この記事では、法人の皆さまが知っておくべき気候変動に関する基本的な知識として、気候変動が地球に与える主な影響や気候変動を引き起こす原因、企業の脱炭素の取り組みについてご紹介します。

目次

  1. 気候変動が与える影響

  2. 気候変動を引き起こしている原因

  3. 気候変動を食い止めるためにできること

  4. まとめ:気候変動の影響は深刻!今すぐ脱炭素に取り組もう。

1. 気候変動が与える影響

気候変動は地球に様々な影響を与えており、その結果私達人間にも被害が出ています。ここでは、気候変動が地球に与え続けている深刻な影響を整理していきます。

気温上昇

気象庁が公開しているデータによると、日本の平均気温は1900年頃から明らかに上昇し続けており、上昇ペースは100年におよそ1.2℃です。気温上昇により大雨になる日数が増えているため、世界ではこれまで体験したことがないような豪雨による被害が起きています。

日本の年平均気温偏差出典:気象庁『日本の気候の変化』

海水温の上昇

気候変動の影響により気温が上昇することで、海水温も上昇しています。IPCC第4次評価報告書(2007)において過去の水面水位の上昇割合から将来予測が示されていますが、今後海面水位は急速に上昇する見込みです。

海水温が上昇することで台風が勢力を増し、海水が膨張することで海面水位が上がり、その結果高潮や高波など沿岸災害が激化するなど様々な被害が起きています。特に海抜が低い国にとって、海水温の上昇は深刻な脅威となります。
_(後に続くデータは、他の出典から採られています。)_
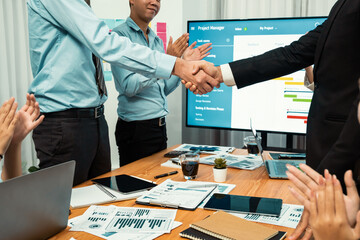 Cheerful meeting room, businesspeople celebrate with handshaking. Successful project was completed...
海水温の上昇は、漁業などの産業にも深刻な影響を与えています。

出典:気象庁『地球温暖化と海洋』

世界平均の海面水位の過去及び将来予測における時系列(1980-1999年平均を基準とする

出典:気象庁『1.2海面水位』(2013/12/20)

北極海の海氷の減少

2021年5月に北極評議会(AC)閣僚会合において、北極圏の温暖化が地球全体の平均よりもおよそ3倍の速さで進んでいることが報告されています。それに伴い北極海における海氷域面積は大きく減少しています。北極海の海氷が減少することで、地球全体の温暖化がさらに加速することが危惧されています。万一北極海の海氷が全て消滅したとすると、地球全体の温暖化は現在のおよそ2倍にもなるとの見通しも報告されています。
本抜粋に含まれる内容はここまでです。